Below I put additional information and attach a part of the code I wrote.
Any advice is welcomed and appreciated.
Thank you.
SDK: Intel® SDK For OpenCL™ Applications 2020.3.494
Platform: Intel(R) OpenCL HD Graphics
for all images
{
...
const size_t globalSize[2] = { size_t(vtMatB_GPU_LLP[nLayerIndex].cols), size_t(vtMatB_GPU_LLP[nLayerIndex].rows) };
err = clEnqueueNDRangeKernel(_pOpenCLManager->GetCommandQueue(), kernel, 2,
NULL, globalSize, NULL, 0, NULL, NULL);
if (CL_SUCCESS != err)
return -1;
// I tried with this but it didn't make any difference
//std::this_thread::sleep_for(std::chrono::seconds(1));
err = clFinish(_pOpenCLManager->GetCommandQueue());
if (CL_SUCCESS != err)
return -1;
err = clEnqueueReadBuffer(_pOpenCLManager->GetCommandQueue(), memMatB, CL_TRUE,
0, sizeof(float) * vtMatB_GPU_LLP[nLayerIndex].cols *
vtMatB_GPU_LLP[nLayerIndex].rows, vtMatB_GPU_LLP[nLayerIndex].data, 0, nullptr, nullptr);
if (CL_SUCCESS != err)
return -1;
...
}
And I tried with event, too, but it works the same way.
for all images
{
...
const size_t globalSize[2] = { size_t(vtMatB_GPU_LLP[nLayerIndex].cols), size_t(vtMatB_GPU_LLP[nLayerIndex].rows) };
cl_event event;
err = clEnqueueNDRangeKernel(_pOpenCLManager->GetCommandQueue(), kernel, 2, NULL, globalSize, NULL, 0, NULL, &event);
if (CL_SUCCESS != err)
return -1;
err = clWaitForEvents(1, &event);
if (CL_SUCCESS != err)
return -1;
err = clFinish(_pOpenCLManager->GetCommandQueue());
if (CL_SUCCESS != err)
return -1;
err = clEnqueueReadBuffer(_pOpenCLManager->GetCommandQueue(), memMatB, CL_TRUE,
0, sizeof(float) * vtMatB_GPU_LLP[nLayerIndex].cols *
vtMatB_GPU_LLP[nLayerIndex].rows, vtMatB_GPU_LLP[nLayerIndex].data, 0, nullptr, nullptr);
if (CL_SUCCESS != err)
return -1;
...
}
/////// Added contents ////////////////////////////////////////////
Would you guys please take look at this issue in the aspect of clFinsh, or clWaitEvent. Am I missing something in this regard?

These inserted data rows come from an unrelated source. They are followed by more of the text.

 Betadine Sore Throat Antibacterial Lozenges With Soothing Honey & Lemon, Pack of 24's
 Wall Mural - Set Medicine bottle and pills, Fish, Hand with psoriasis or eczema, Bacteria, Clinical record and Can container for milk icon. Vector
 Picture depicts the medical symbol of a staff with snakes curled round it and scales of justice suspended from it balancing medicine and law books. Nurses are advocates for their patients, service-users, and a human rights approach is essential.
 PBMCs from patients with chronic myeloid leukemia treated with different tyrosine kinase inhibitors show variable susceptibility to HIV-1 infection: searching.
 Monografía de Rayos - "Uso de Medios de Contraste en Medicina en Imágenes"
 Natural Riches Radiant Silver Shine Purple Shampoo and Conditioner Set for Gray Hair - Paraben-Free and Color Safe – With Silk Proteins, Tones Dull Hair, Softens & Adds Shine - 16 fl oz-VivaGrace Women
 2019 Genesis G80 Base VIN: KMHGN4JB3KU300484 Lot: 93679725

Sometimes I get less correct values and sometimes I get more correct values.
To be more specific, let's say I'm applying the kernel to 12 x 12 size image. So there're 144 pixel values.

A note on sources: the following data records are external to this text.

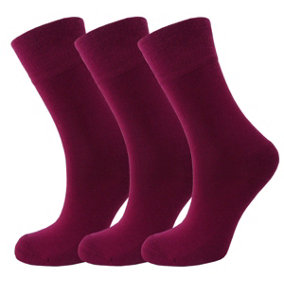 Green Bear Unisex Bamboo BURGUNDY Colour Socks-size 6-8 Cushioned Sole - Soft & Antibacterial - 3 Pack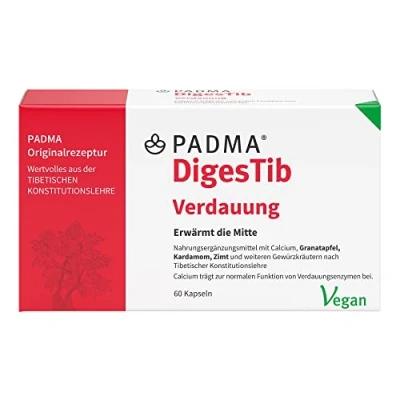 Abbildung von PADMA DigesTib Tibetische Verdauungs Rezeptur Se &#039;bru 5 mit Granatapfel, naturbelassenen Kräutern &amp; Calcium. Dieses trägt zur normalen Funktion von Verdauungsenzymen bei. 33 g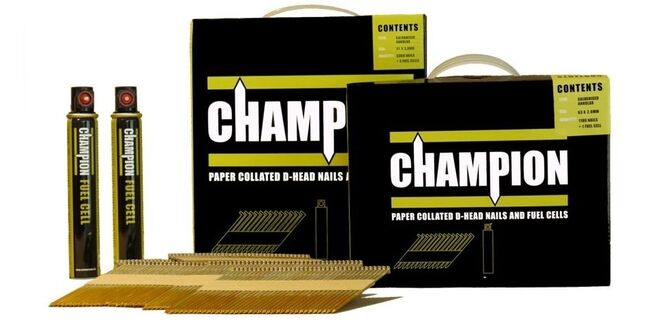 Champion Bright Smooth Shank Nails - 90mm x 3.1mm (2200 Nails & 2 Fuel Cells)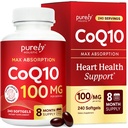 Purely Holistic CoQ10 100mg - 240 SoftGels - 8 mesi di fornitura - Ubiquinone Coenzyme Q10 Supplemento - con olio di oliva biologico - Soy Free Co Q 10 - Made in Italy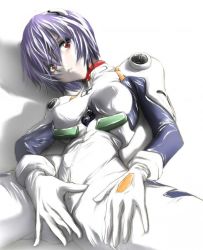 Rule 34 | 1girl, ayanami rei, blue hair, breasts, breasts apart, covered erect nipples, covering crotch, covering privates, cowboy shot, from above, hair between eyes, hand on own thigh, head tilt, large breasts, narrow waist, neon genesis evangelion, plugsuit, red eyes, simple background, solo, spread legs, thighs, white background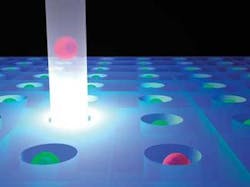 MIT researchers have developed a system for sorting cells that involves single-cell-size microwells in a silicone layer bonded to a microscope slide. Cells observed to have properties of interest are levitated out of their traps using the pressure of a beam of targeted light from a low-cost laser. A flowing fluid then sweeps the selected cells off to a separate reservoir.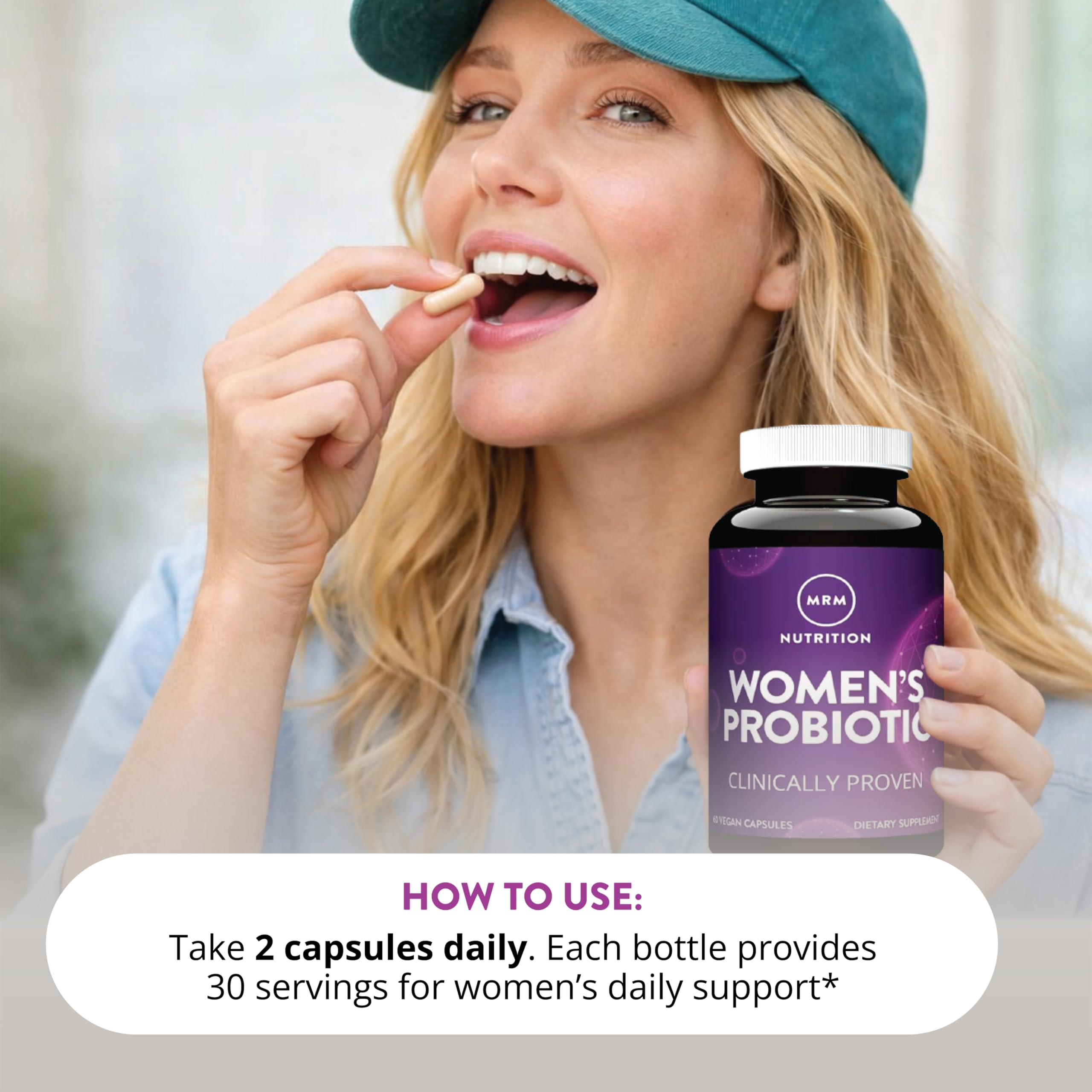 MRM Nutrition Women's Probiotics - Patented Formula Supports Urinary Tract, Vaginal, & Immune Health for Women, Prebiotic Supplement, 3.5 Billion Cells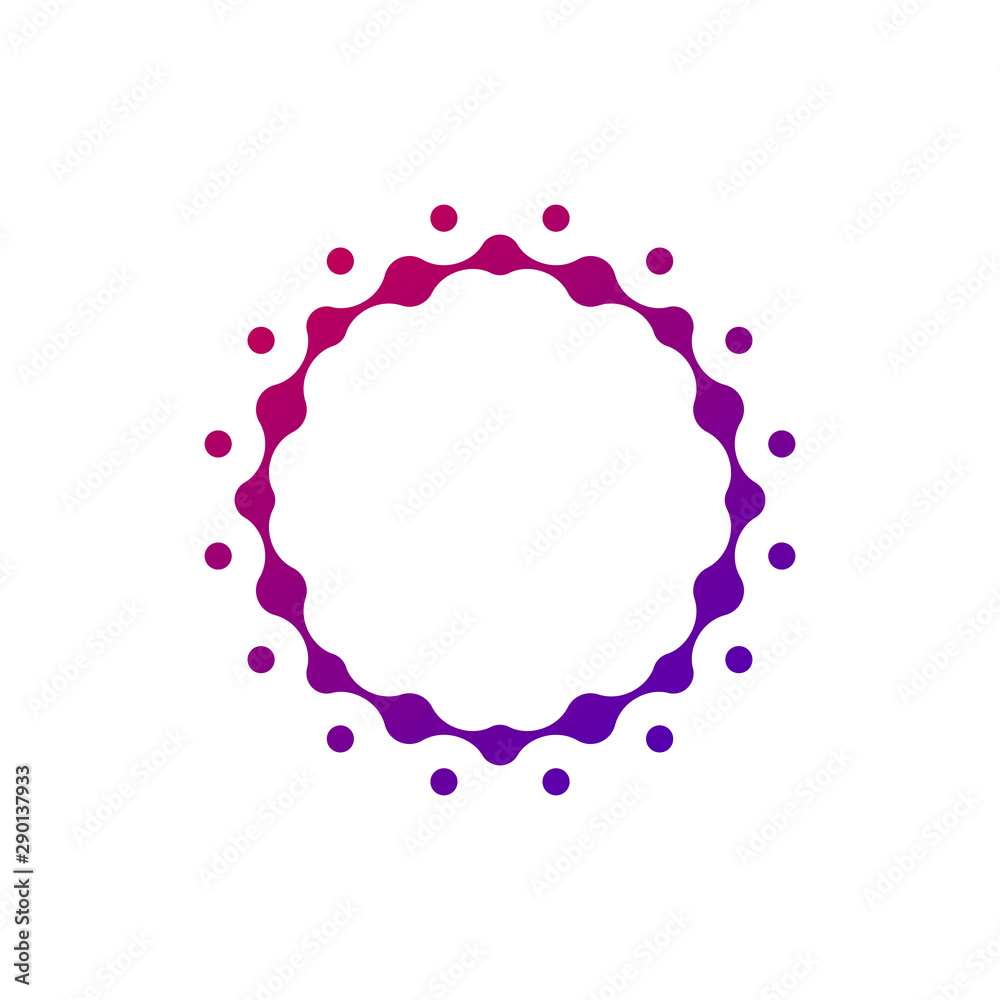 Fototapeta premium Abstract molecular circle logotype. Connected dots chemistry logo. Virus Sun or Flower icon. Stock vector illustration isolated on white background.
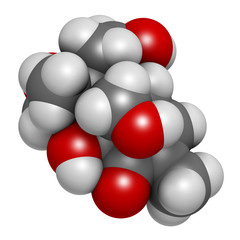 Vomitoxin (deoxynivalenol, DON) mycotoxin molecule. 3D rendering. Atoms are represented as spheres with conventional color coding: hydrogen (white), carbon (grey), oxygen (red).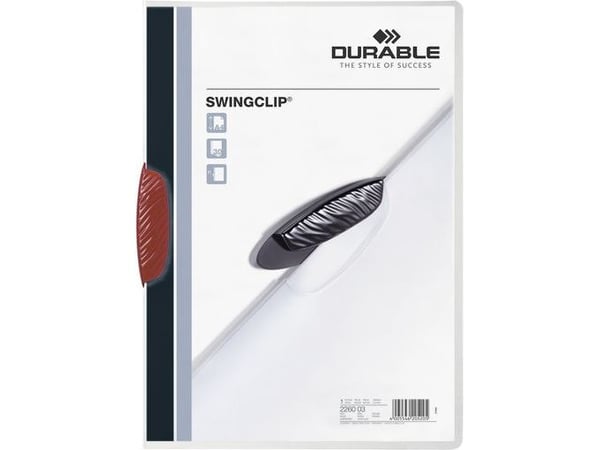 DURABLE SWINGCLIP - Klippfil - för A4 (210 x 297 mm) - kapacitet: 30 ark - genomskinlig med röd klämma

Sometime I get correct values for 56 pixels.
Sometime I get correct values for 89 pixels.
Some other time I get correct value for n(less then 144) pixels.

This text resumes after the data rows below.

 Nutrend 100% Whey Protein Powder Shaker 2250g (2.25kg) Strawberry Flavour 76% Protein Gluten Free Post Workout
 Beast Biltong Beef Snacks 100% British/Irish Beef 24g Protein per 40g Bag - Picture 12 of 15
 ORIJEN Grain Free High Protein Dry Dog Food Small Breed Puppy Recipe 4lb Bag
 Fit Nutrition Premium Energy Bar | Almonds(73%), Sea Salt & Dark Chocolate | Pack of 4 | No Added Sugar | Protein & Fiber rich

If I turn off the OpenCL optimization when compiling the kernel by specifying -cl-opt-disable option, I get correct values for all 144 pixels.
The other thing that makes me think the calculation code is correct is that the same OpenCL code with no modification(other then device select code) runs perfectly correctly with NVIDIA P4000.
At first, I was really suspicious about the calculation code, but more I inspect code, more I'm confident there's nothing wrong with calculation code.
I know there's still a chance that there is an error in the calculation code so that there happen some exceptions anywhere during calculations.
I have plain C++ code for same task. I'm comparing results from those two.
/////// Another added contents ////////////////////////////////////////////
I made a minimum code(except projects template) to reproduce the phenomenon.
What's odd more is that if I install "Intel® Distribution for GDB Target" I get correct results.
https://github.com/heysweetethan/GPUOpenCLProjectforWindows
OpenCL kernels run threads in parallel on a specified global range, which in your case is the image size, with one thread per pixel.
The threads are grouped in workgroups, Workgroup size should be a multiple of 32; ideally 64 to make full use of the hardware, or 8x8 pixels in 2D. These workgroups cannot be split, so the global range must be a multiple of workgroup size.
What happens if global range is not clearly divisible by workgroup size, or smaller than workgroup size, like 3x3 pixels? Then the last workgroup is still executed with all 8x8 threads. The first 3x3 work on valid data in memory, but all the other threads read/write unallocated memory. This can cause undefined behavior or even crashes.
If you cannot have global size as a multiple of workgroup size, there is still a solution: a guard clause in the very beginning of the kernel:
if(xB>=xImage||yB>=yImage) return;
This ensures that no threads access unallocated memory.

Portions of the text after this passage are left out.